God keeps taking me back

Posted: 18th August 2016 by accepted in Uncategorized

These are 2 of my favorite verses. There is so much strength and power in these words!

Psalm 27, verse 1:

The Lord is my light and my salvation–whom shall I fear?

The Lord is the stronghold of my life–of whom shall I be afraid?

Psalm 27, verse 3: 

Though an army besiege me, my heart will not fear;

though war break out against me, even then will I be confident.

 

I have been silent on this blog for a while. I’ve had long pauses between posts before, many times for lack of discipline.

But this time is different. I have suffered a severe emotional blow, and I am heartbroken. I’m dealing with a situation that I never wanted to have to deal with. I can’t go into detail. What I can tell you is that I have been shaken to my core.

Every time I’ve read these verses in the past, I have always loved them. To tell you the truth, I think they’re pretty bad-ass!:)

But now that war has broken out against me, I need this Scripture and the Lord more than ever.
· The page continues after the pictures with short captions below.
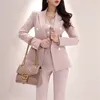 Kontor Ladies Striped 3 Pieces Set Double Breasted Slim Blazer Patchwork Toppar Hög midja Byxor Kvinnor Pant Suits 210514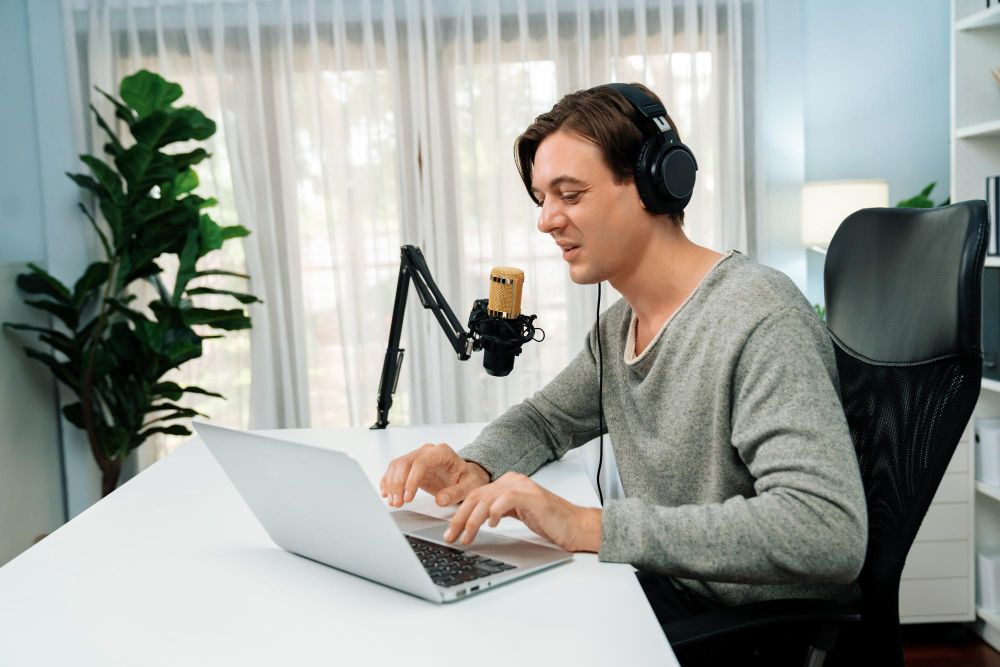 person recording a voice note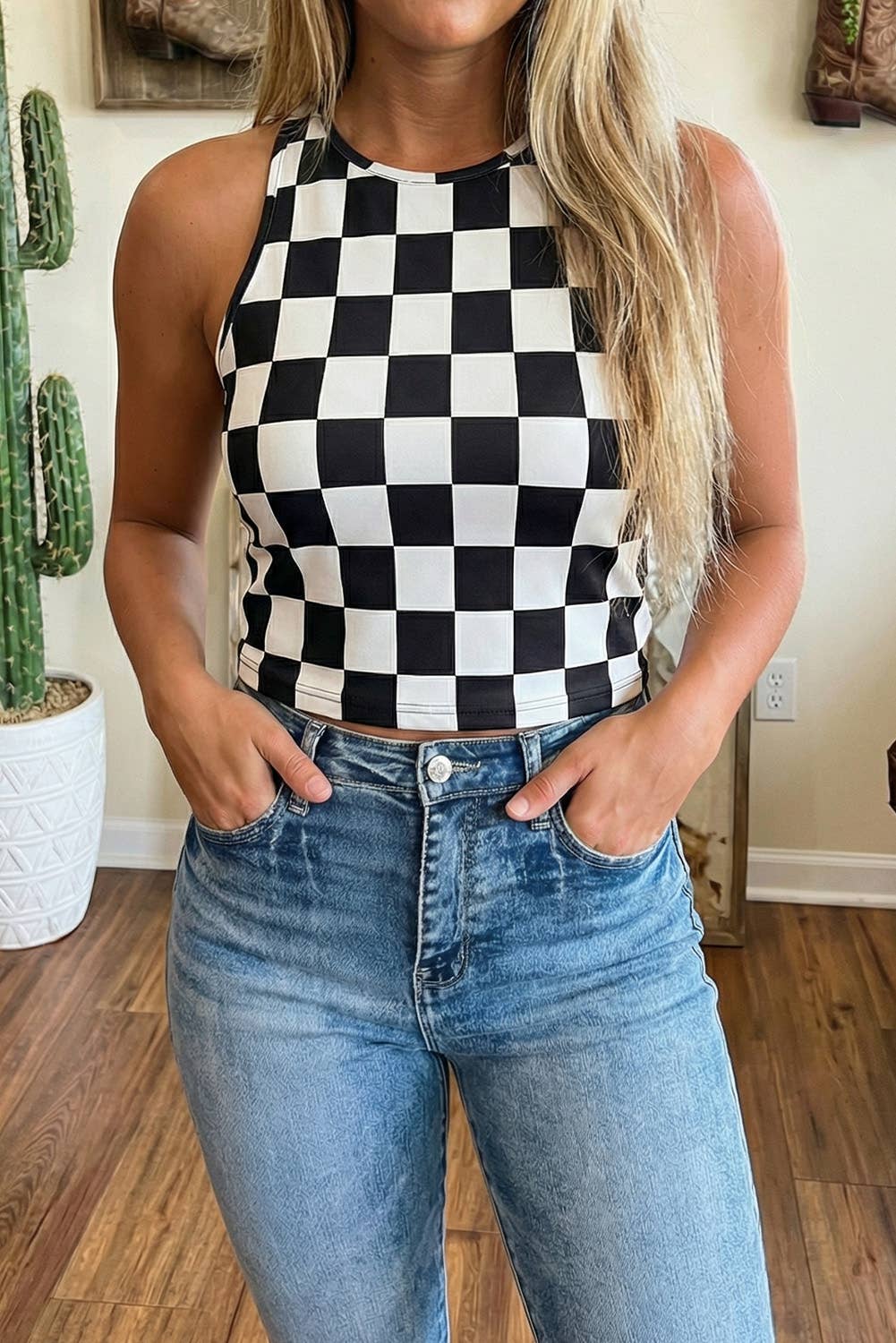 LDC Western Black Checkerboard Printed Slim Tank Top (PRE-ORDER)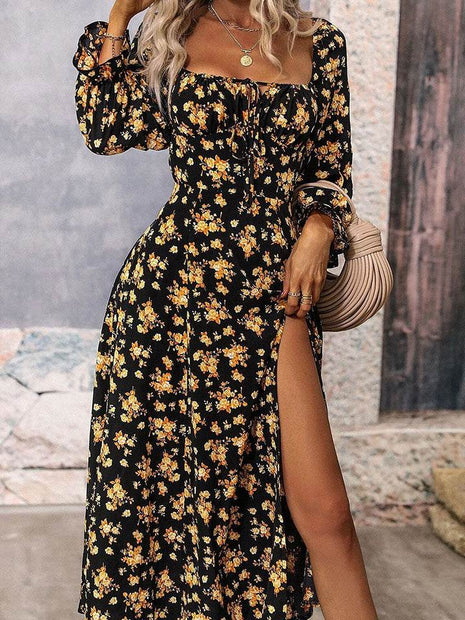Square Neck Printed Slit Dress - MimiStylez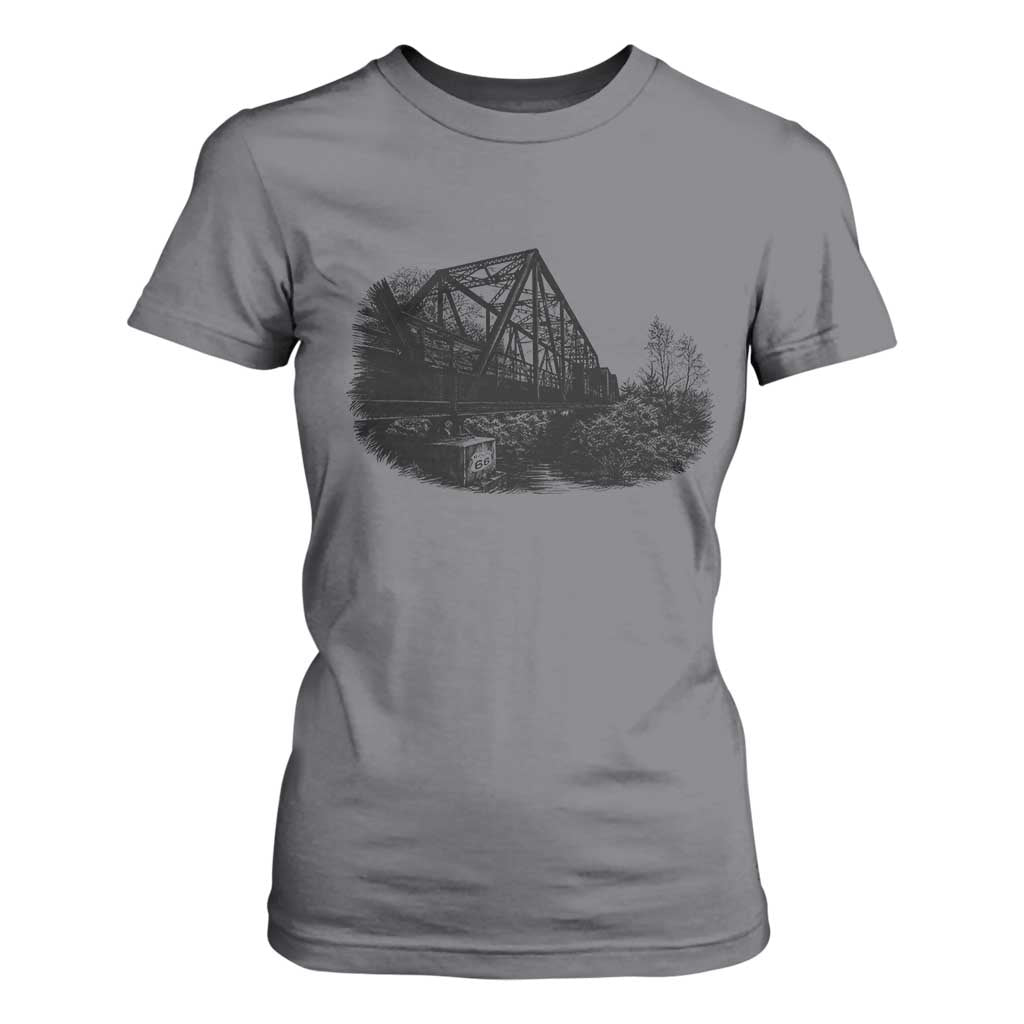 Mother Road Adventure Graphic T Shirt For Women Vintage Route Highway 66 Bridge TS12 Charcoal Print Your Wear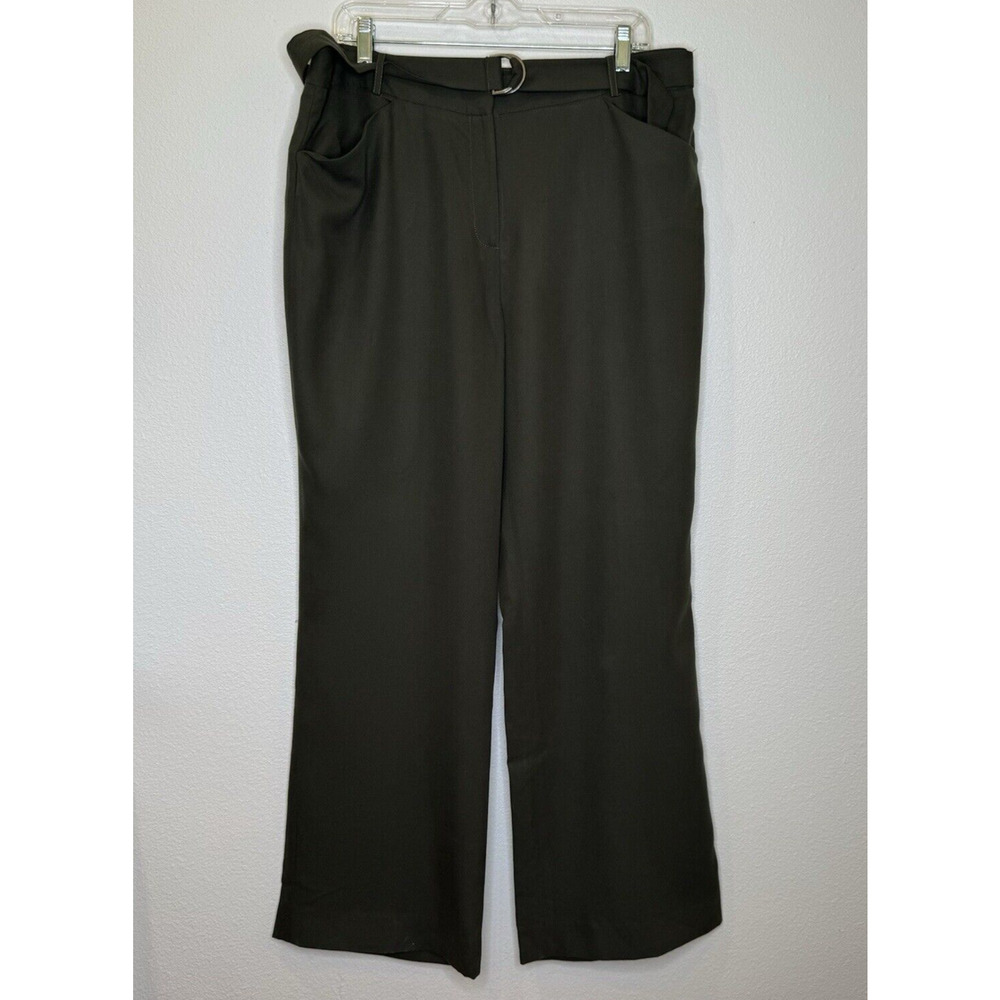 Antonio Melani Womens Nori Pants 14 Dark Green High Waisted Wide Leg Belted NWT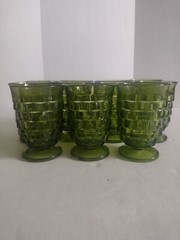 Indiana Glass Cubist Avocado Green 6 oz. Small Juice Drinking Glasses
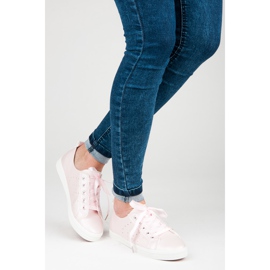 Mckeylor Zapatillas rosas atadas con una cinta rosado 4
God has made bearable the unbearable for me. He has done for me what I cannot do for myself. He has lifted me up from deep waters of devastation. I have felt only a portion of the pain dealt me, because He has kept me from hitting the bottom.

He has remained faithful to me, even as I have tried to find other ways to escape this pain. I have neglected my Bible, instead pouring myself into distractions.

But His concern and His care for me hasn’t wavered. He doesn’t hold my faults against me. He still loves me even when I have pushed Him away.

I don’t know how to end this post. Words are failing me, but God never has.